10/22/14

Permutational Aesthetics and The Kinks' "Come Dancing"


Previous posts on permutational aesthetics:
Permutational Aesthetics and David Lynch's Mulholland Drive

In the first post on permutational aesthetics, a sort of definition was given:
Fiction that derives from the biographical has the amazing opportunity to correct the moments in our lives that we might regret, or that didn't go the way we were planning. Writing allows for a kind of consummation that life does not.
This correction, of course, is the permutation, the redesign of a moment or series of moments into a new moment in a work of art. Art, of course, is a socially acceptable space in which to create a permutation, lest anyone end up like Scottie Ferguson in Vertigo, manipulating Judy into changing everything about herself in order to re-create what is, unknown to him at the time, a sort of  play for his benefit that was designed to cover up a murder. Of course, Scottie's re-creation goes horribly wrong, with Judy, finally made into Madeleine, falling to her death.

Naturally, permutation and trauma are interconnected: it is often a trauma which leads to the recreation of a situation in art that cannot be made to occur in real life. And while previous posts have focused on poets, fiction writers and filmmakers, there has been an exclusion which is obvious: the world of music. Music, with its necessary abstraction of sound, is not always a place for permutational work, in that it is primarily the lyrics which function as a re-creation and not the music itself.


Released in the fall of 1982 in the U.K. (spring of 1983 in the U.S.), The Kinks' "Come Dancing" is a charming song about nostalgia for a bygone era in which the "big bands used to come and play" at a local Palais, or dance hall. The nostalgia in the song, of course, is not only for the era, but for the singer's sister, who would frequent the Palais with a date who would "end up blowing all his wages for the week/all for a cuddle and a peck on the cheek." The nostalgia here leans towards a young man's sexual awakening, the realization that the men who dated his sister were interested in sex and that his sister was seemingly only interested in going out and having a good time while having her expenses paid for the evening. The singer realizes, as an adult perhaps, that it was these moments that he remembers when thinking of his sister, of understanding the dynamics involved in the relationship between her, the date and the Palais. The sexual element plays out in the singer's voyeurism, a curiosity about very simple sexual practices which, to the singer, seem foreign and from which he must hide himself despite his desire to continue watching.

For Ray Davies, the lead singer and, in this case, the songwriter of "Come Dancing," the nostalgia here stems from a trauma which leads to the song being not only a tribute but ultimately an act of permutational re-creation.

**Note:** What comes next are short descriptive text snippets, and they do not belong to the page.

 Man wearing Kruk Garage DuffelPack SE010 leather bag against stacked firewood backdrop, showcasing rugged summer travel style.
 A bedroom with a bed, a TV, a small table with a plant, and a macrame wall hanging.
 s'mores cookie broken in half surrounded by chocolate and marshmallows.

Thomas Kitts, in his 2008 critical biography of Davies, writes that Davies' older sister, Rene, suffered a fatal heart attack at the Lyceum ballroom on the songwriter's 13th birthday, for which she had purchased a Spanish guitar as a present. These two events, for Davies, must be inextricably linked: music, of course, became his way of entering the world but only through the tragedy of his sister's untimely death at the age of 31.1

The sister of Davies' song, however, lives a happier life: she has not only grown older but has daughters of her own for whom she, in continuation of an earlier theme about their mother, must now wait up until they return home at all hours of the night. This is, of course, the very nature of permutation: giving life to one who has not had the opportunity to enjoy it and giving to them, through art, a sort of gift. In Davies' case, it is hard to deny that this is a sort of ideal he imagines not only for her but for himself, a sister who, for the simple asking, would be willing to go dancing with him, which of course further plays upon the sexual fantasies of the singer and his voyeuristic viewing of his sister with your would-be lover "by the garden gate." Perhaps in Davies' case, dancing could be seen as a stand-in for his musical career, which his sister allowed him to begin, but which she never saw.

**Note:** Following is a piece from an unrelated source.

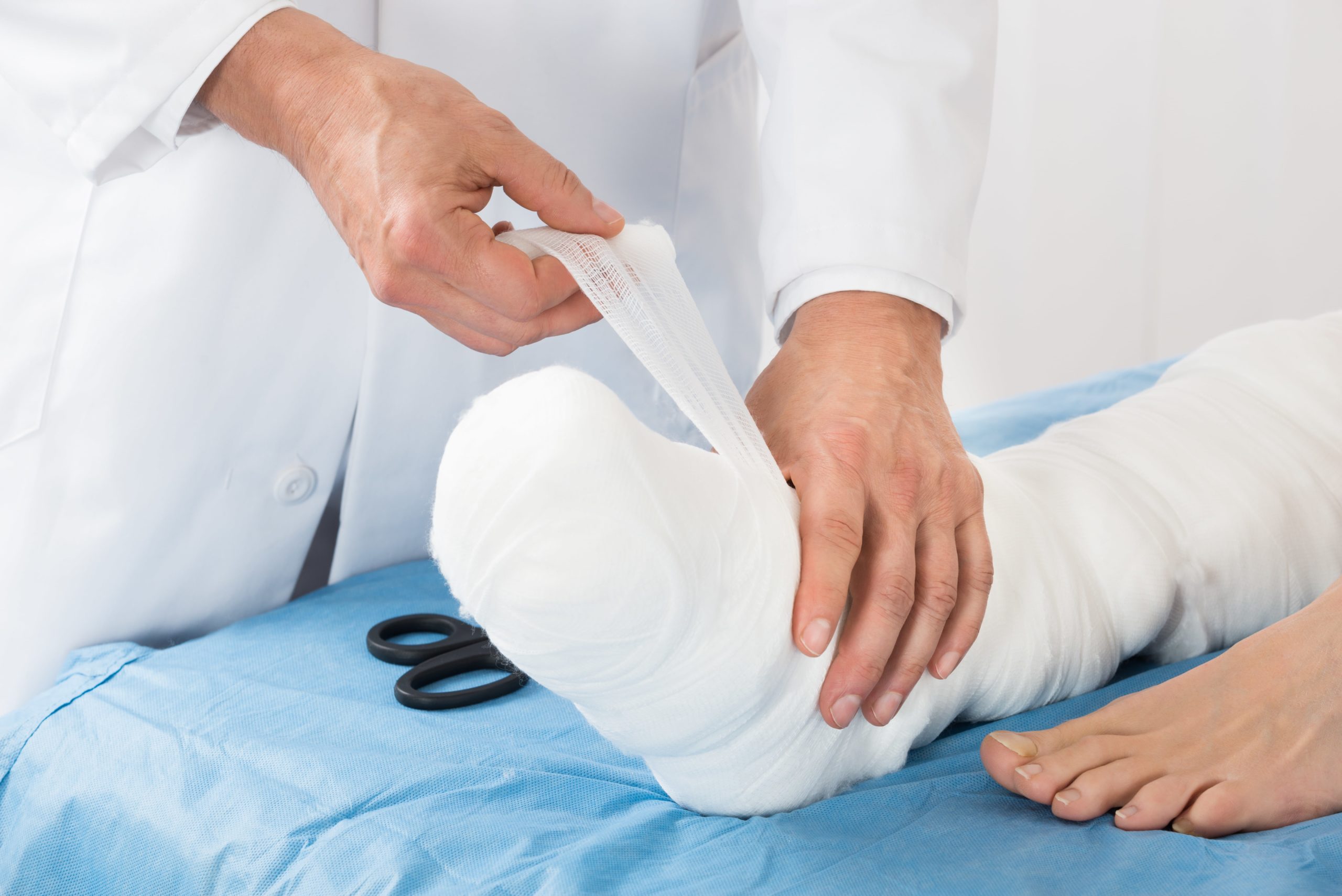 Doctor tying bandage on the leg of patient.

For the singer in the song, his childhood dies "the day they knocked down the Palais," though in considering the formative age at which he not only received the instrument he has spent his life with but also the trauma he has suffered with his sister's sudden death, it seems very likely this moment for Davies not only marked the end of his childhood but also the metaphorical death of the Palais and the era of big band music. Of course, for the singer, and for Davies, the death of the Palais and the death of his sister, respectively, has given direction to his life as he has "grown up and [is] playing in a band." The town, too, has moved on and leaves the listener with similar feelings for locations long gone. For Davies, however, the pain is deeper and the song allows him the space to process these emotions, however complex, into a new moment.



1 Kitts, Thomas M. Not Like Everybody Else. Routledge, 2008.

6/5/14

Joseph Ceravolo Project/Help Request



Today, an idea hit me: why not record and catalog as many of the 100 signed and numbered copies of Joseph Ceravolo's Transmigration Solo? As many of you know, The Joseph Ceravolo Project has been my labor of love since I discovered Ceravolo's work in 2005 (not that long ago and yet nearing a decade, strangely). I've written on TS in the past, of course, and hope to contribute to its history by keeping this record for its 100 signed and numbered copies.

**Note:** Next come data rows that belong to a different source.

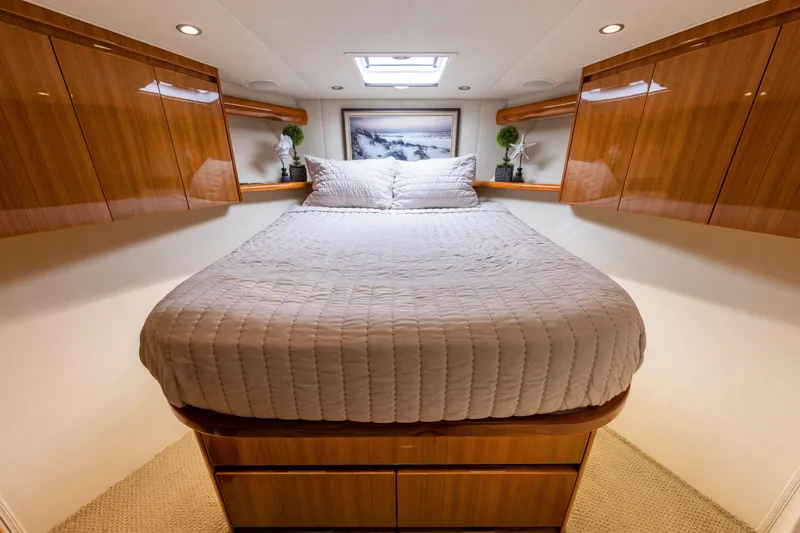 Slide: The Image of Luxurious cabin interior of 2017 Viking 52 Sport Tower yacht with elegant wood finishes. - 63
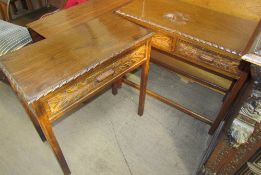 A pair of modern side tables with carved drawer fronts on square legs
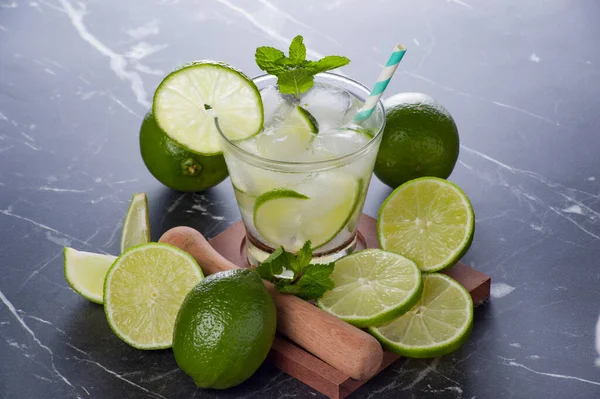 Caipirinha kokteyli mermer masada cam, limon dilimleri ve nane..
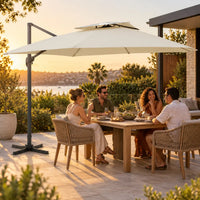 Cantilever umbrella 3x3 ivory outdoor dining group friends sunset sea view terrace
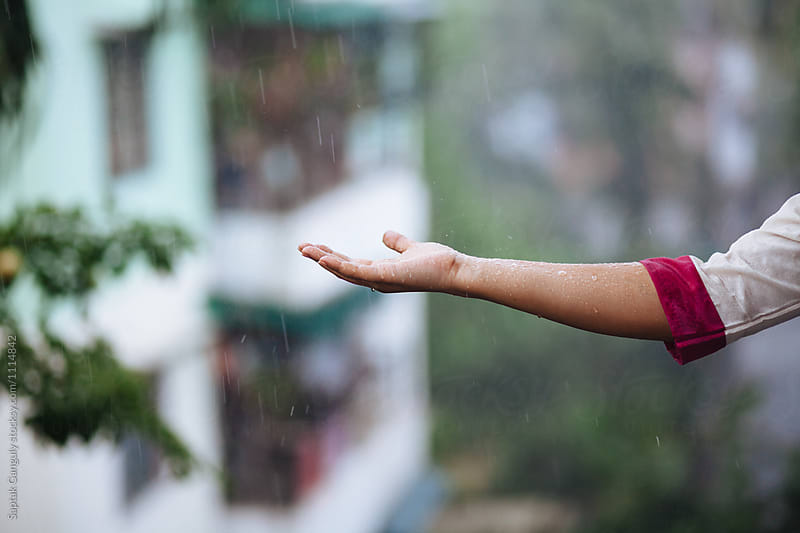 Woman\'s hand extended to the rain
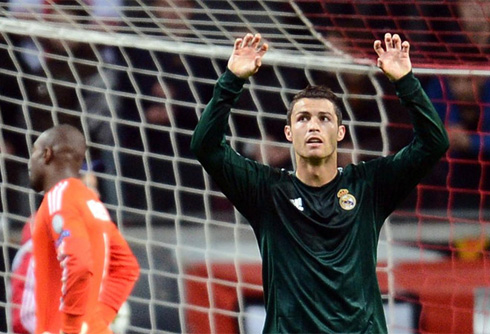 Cristiano Ronaldo doing the claw celebration in a Real Madrid green jersey at the UEFA Champions League 2012-2013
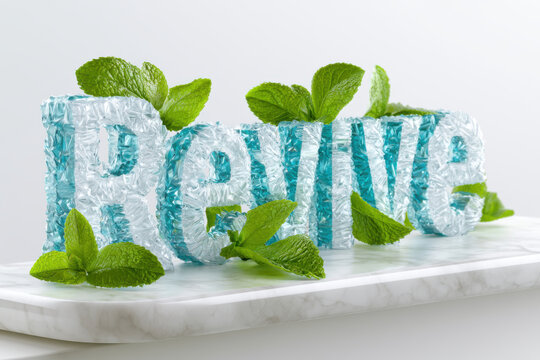 Minty Refreshing Revive - The word "Revive" is intricately sculpted from textured chunks of clear ice and crystalline blue shards, decorated with vibrant green mint leaves on a white marble slab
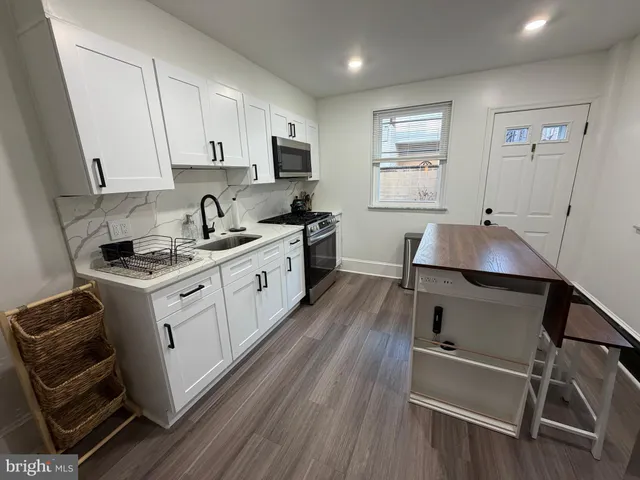a kitchen with a sink stove and cabinets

If you know of a copy at your nearest university or public library or if you or someone you know has one, please email me at amishius at gmail dot com. Happy to contact that library or person to verify the number and signature. If it's yours or you help me, I'll gladly list you in the notes, even if it turns out the copy isn't not signed and numbered.

Follow the list over at the Ceravolo Project page- I'll update it as information rolls in.


6/2/14

Tragipoetics IV

On Seth Abramson's "Last Words for Elliot Rodger," or Timeliness

from KTLA

Tragipoetics I
Tragipoetics II
Tragipoetics III

NB: I realize in writing this post I am wading into a proper quagmire. There are lots of issues here which I feel very strongly about and I understand that I am also addressing an audience for whom these issues are also the source of heavy emotional response. I myself had a strong emotional response to Rodger’s mass murder as well as the reasons for it, which I admit will be hard to escape while discussing his words and his actions.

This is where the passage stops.